Hoje ela pode ser traduzida em, por exemplo, um treinamento auxiliado por nossas ferramentas em uma sessão de design thinking que visa resolver um problema de negócio específico. Ou na construção de um roadmap tecnológico que cria caminhos e previsões de investimento e manifestações de sua utilização. E nos casos que são puramente inspiracional, agimos para aumentar os escopos de possibilidades do que estamos vendo acontecer e queremos expandir isso.

Ainda estamos achando esses espaços.

O que podemos fazer para influenciar culturas futuras?

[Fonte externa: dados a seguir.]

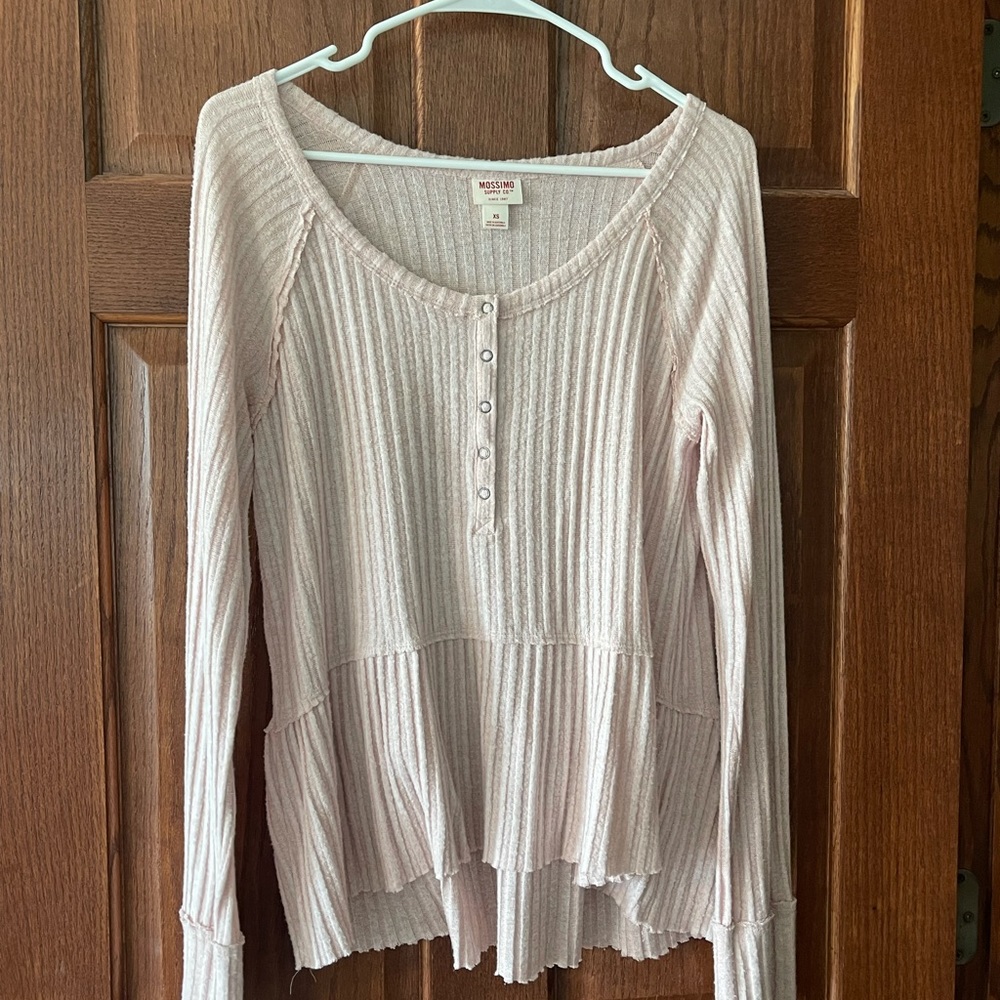 MOSSIMO pink sweater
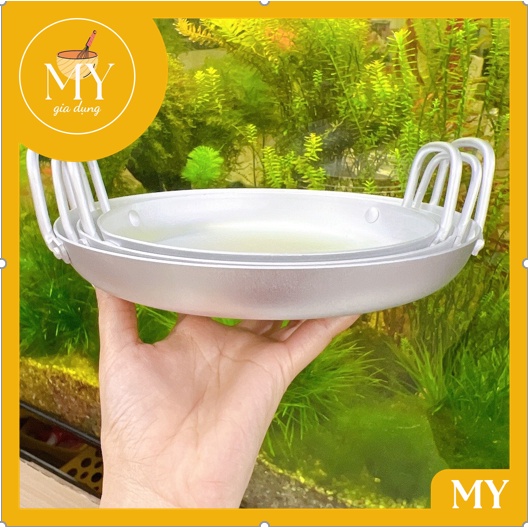 Chảo nhôm đáy bằng xi đục cạn có tay cầm Cao Cấp có 3 size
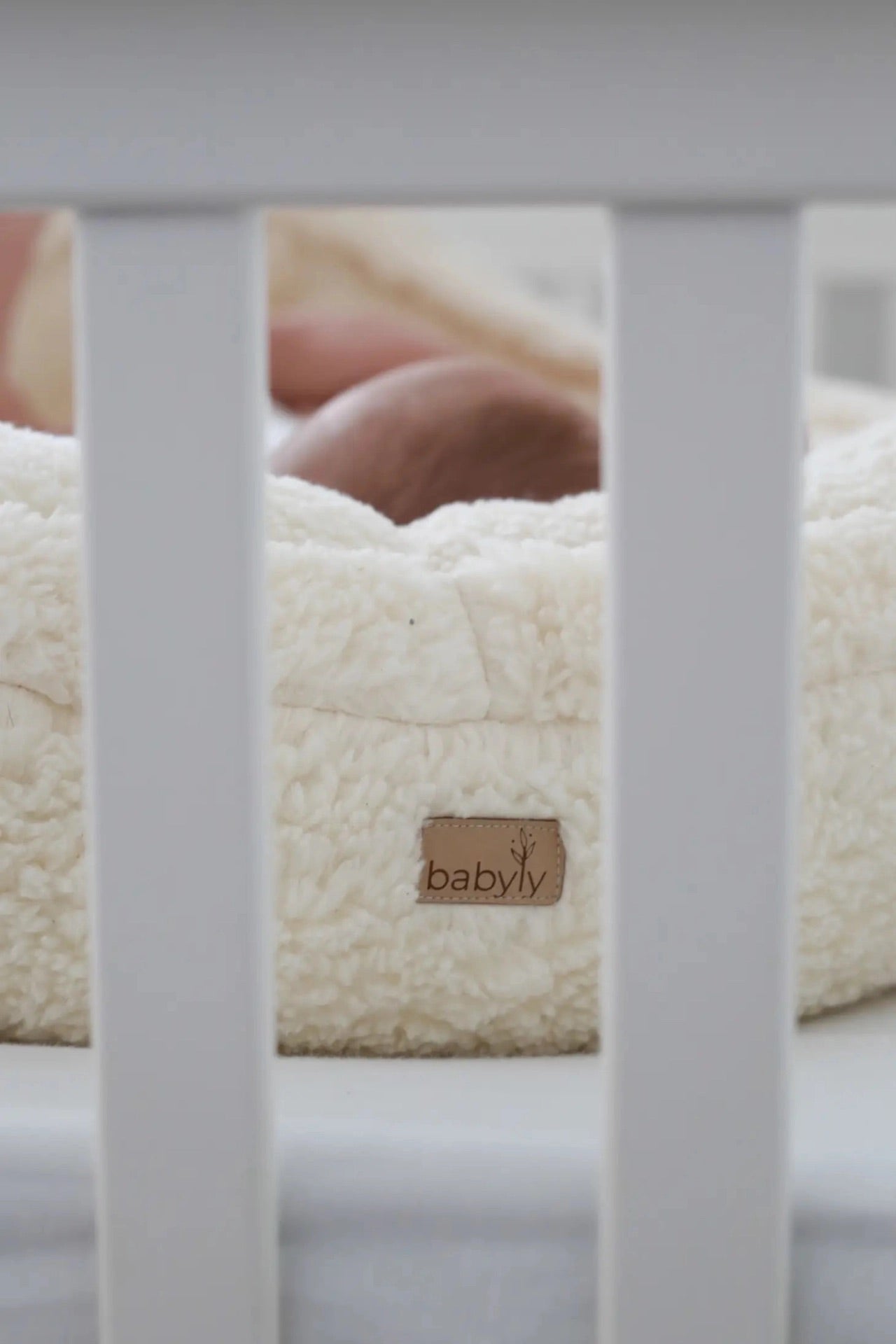 Babyly Bow Teddy Baby Nest, Cream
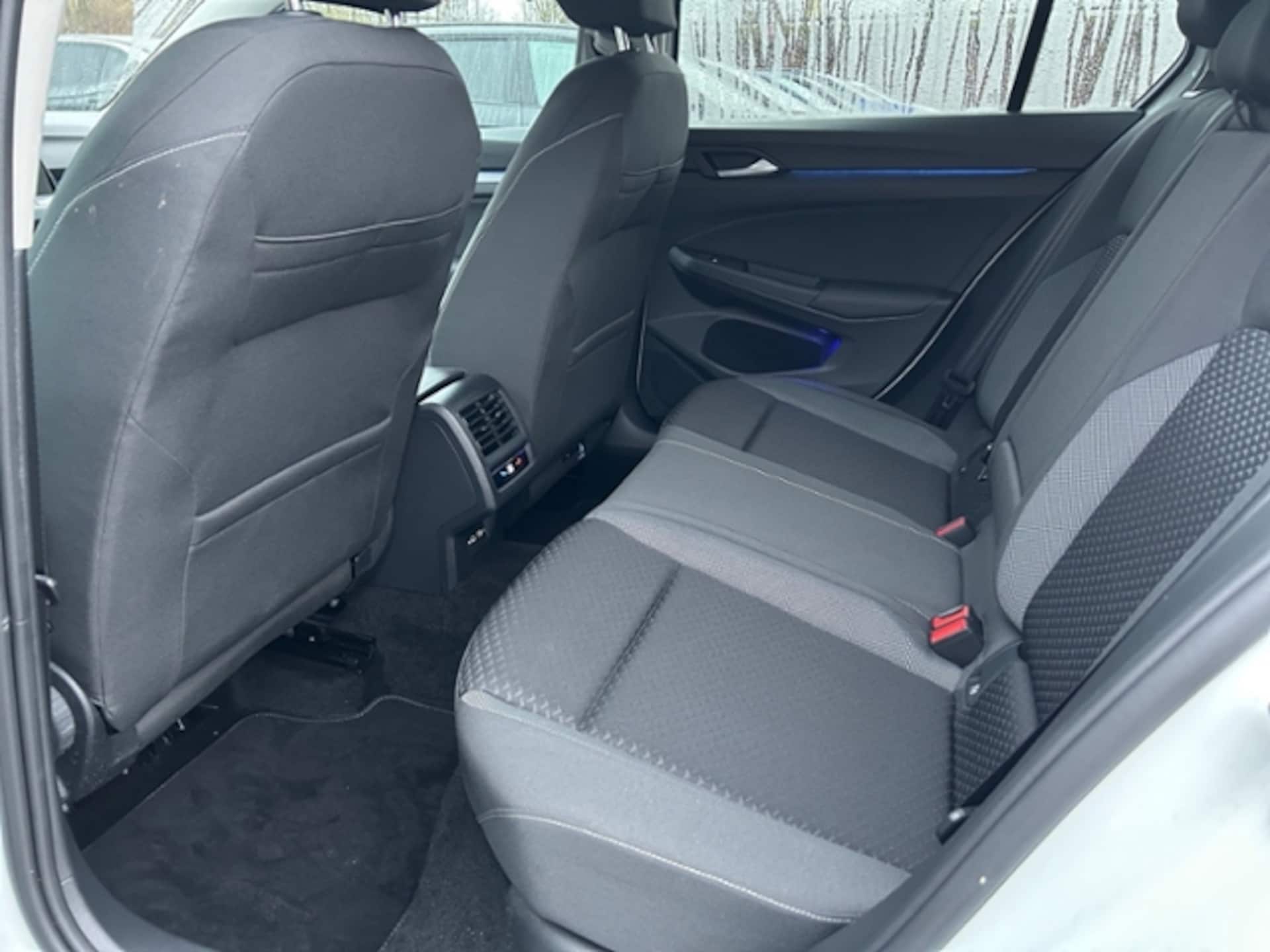 Volkswagen Golf Active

Acho que a coisa que fez a maior diferença no meu percurso de vida foi fazer previsões. Hoje elas são uteis pois estimulam certo tipo de conversa e sinto que há 10 anos quando isso começou, o fato de ter feito previsão, qualquer uma pode ser um ato de afirmação sobre o futuro. Errar ou acertar não é o ponto mais importante, mas sim estar manifestando sua visão, opinião e o seu sentimento sobre.

Isso é infinitamente escalável pois qualquer pessoa aqui pode pegar um caderno e pensar como será o mundo daqui 10,15, 30 anos. Escolha um ponto no tempo, determine um parâmetro para ser o ponto de partida, olhe para um aspecto da sua vida (seja ele pessoal, coletivo, do planeta) para escolher seu escopo e escreva. Não existe fórmula certa e isso pode ser surpreendente em quão certo ou preciso sem querer.